According to data available with the Securities and Exchange Board of India (SEBI), FIIs have were net buyers in January to the tune of $2.03 billion. Last week saw them pump in over $698 million into equities taking the total for February to more than $3.51 billion.
The benchmark indices in the same period have rallied smarlty.
The 30-scrip sensitive index (Sensex) of the Bombay Stock Exchange (BSE) gained 2,468 points or 16 percent to close Friday at 17,923.57 points, compared to the Dec 30 closing figure of 15,454.92 points.
At the National Stock Exchange, the 50-scrip S&P CNX Nifty moved up 17 percent or 805 points in the two months of 2012 and closed Feb 24 at 5,429.3 points, as against the closing figure of the last trading day of 2011.
FIIs were far from optimistic about Indian stocks last year as the economy showed signs of slowdown and interest rates shot up after the RBI hiked key interest rates 13 successive times to tame inflation.
FIIs’ net sales were worth $357.8 million in equity in the last year, a far cry from the record $28.83 billion they pumped into the Indian markets in 2010.

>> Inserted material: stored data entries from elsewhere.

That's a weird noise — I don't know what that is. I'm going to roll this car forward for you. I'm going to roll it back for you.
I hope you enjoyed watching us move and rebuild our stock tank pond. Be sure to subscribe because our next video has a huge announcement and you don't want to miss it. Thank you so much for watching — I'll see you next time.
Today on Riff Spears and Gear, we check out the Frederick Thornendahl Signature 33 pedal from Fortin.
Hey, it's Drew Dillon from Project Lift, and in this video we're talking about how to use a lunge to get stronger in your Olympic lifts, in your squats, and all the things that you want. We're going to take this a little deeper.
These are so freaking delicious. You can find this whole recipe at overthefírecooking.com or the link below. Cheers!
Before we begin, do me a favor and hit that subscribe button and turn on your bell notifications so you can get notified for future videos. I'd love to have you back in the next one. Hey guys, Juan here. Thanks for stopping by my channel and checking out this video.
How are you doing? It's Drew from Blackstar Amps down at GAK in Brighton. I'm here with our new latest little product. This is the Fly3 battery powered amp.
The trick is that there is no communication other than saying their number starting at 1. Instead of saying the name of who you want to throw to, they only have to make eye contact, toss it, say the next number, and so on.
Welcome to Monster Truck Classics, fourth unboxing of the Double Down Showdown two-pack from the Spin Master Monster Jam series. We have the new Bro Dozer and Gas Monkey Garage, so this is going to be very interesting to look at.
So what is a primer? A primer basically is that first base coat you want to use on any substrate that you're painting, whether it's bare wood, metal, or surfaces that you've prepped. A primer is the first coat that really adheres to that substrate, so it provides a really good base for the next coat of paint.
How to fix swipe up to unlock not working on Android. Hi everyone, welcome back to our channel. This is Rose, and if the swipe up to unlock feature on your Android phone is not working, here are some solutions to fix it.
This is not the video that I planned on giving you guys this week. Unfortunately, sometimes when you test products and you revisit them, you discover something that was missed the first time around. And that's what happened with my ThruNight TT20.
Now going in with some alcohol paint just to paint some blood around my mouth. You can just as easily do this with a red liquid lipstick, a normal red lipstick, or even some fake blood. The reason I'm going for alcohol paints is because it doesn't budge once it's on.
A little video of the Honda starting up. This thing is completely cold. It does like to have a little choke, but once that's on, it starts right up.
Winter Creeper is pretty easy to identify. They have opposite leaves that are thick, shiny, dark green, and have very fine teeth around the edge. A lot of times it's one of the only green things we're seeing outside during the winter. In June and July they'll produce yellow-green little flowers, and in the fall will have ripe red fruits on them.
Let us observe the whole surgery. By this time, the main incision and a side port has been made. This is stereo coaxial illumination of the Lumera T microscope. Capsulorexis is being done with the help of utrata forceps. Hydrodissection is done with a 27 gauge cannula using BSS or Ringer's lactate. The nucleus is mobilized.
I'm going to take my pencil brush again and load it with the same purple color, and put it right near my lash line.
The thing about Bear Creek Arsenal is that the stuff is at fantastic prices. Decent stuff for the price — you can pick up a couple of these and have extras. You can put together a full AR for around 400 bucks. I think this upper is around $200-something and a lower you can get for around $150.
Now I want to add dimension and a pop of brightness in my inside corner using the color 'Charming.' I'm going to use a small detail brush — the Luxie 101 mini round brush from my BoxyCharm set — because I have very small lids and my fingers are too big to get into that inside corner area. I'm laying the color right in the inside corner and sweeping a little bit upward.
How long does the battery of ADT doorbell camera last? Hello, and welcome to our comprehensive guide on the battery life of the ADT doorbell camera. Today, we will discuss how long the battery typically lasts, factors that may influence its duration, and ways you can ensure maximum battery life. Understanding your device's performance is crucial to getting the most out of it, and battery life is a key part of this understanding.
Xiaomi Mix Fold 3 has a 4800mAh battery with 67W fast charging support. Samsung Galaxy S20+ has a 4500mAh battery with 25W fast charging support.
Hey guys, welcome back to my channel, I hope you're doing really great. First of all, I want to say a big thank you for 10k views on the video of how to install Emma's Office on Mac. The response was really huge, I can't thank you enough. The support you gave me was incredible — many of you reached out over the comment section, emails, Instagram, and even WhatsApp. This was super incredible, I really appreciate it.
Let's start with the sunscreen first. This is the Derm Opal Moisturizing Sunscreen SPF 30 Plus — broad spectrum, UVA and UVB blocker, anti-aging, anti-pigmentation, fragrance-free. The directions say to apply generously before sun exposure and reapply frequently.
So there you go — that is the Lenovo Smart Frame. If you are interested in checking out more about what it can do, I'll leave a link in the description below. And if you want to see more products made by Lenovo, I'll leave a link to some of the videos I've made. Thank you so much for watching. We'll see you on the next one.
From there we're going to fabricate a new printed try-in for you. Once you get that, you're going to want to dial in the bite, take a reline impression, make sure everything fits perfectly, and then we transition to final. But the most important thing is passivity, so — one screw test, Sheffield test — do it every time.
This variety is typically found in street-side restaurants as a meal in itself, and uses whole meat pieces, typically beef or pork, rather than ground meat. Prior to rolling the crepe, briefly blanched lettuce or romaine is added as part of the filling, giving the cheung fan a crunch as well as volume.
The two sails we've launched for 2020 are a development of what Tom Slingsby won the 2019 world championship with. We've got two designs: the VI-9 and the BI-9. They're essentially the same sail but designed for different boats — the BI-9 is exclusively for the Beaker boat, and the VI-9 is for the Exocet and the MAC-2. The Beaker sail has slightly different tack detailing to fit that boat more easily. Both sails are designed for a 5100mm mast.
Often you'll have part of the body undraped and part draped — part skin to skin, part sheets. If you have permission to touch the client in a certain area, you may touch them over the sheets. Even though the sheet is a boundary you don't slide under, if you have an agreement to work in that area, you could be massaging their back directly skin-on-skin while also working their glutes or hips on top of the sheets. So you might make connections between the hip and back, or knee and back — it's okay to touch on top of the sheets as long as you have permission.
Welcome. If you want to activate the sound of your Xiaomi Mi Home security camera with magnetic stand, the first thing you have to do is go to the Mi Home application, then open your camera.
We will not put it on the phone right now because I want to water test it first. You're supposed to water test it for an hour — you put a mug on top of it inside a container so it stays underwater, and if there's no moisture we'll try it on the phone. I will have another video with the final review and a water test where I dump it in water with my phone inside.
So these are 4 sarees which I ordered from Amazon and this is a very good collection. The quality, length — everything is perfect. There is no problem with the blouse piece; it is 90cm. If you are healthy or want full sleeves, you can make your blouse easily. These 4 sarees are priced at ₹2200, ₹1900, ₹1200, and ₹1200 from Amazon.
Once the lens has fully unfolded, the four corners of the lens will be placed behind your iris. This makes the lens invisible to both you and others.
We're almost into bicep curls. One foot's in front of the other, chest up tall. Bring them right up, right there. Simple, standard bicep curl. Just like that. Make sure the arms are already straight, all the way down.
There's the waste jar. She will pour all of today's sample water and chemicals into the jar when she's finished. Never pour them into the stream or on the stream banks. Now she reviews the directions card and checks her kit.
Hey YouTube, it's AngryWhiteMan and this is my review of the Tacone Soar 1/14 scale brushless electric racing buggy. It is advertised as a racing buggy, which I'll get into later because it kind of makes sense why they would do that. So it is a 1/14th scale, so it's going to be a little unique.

But analysts are divided over how long the present rally can be sustained given the fact it is majorly driven by foreign money.
“The rally of the past two months now appear to be maturing. Key factors to watch out for would be the Iran imbroglio and its impact on crude oil price, the outcome of state elections and finally, the budget in mid-march,” said Sanjeev Zarbade, vice president, private client group research at Kotak Securities.
The Euro zone’s financial crisis and how member countries manage their debt restructuring will also be of crucial importance.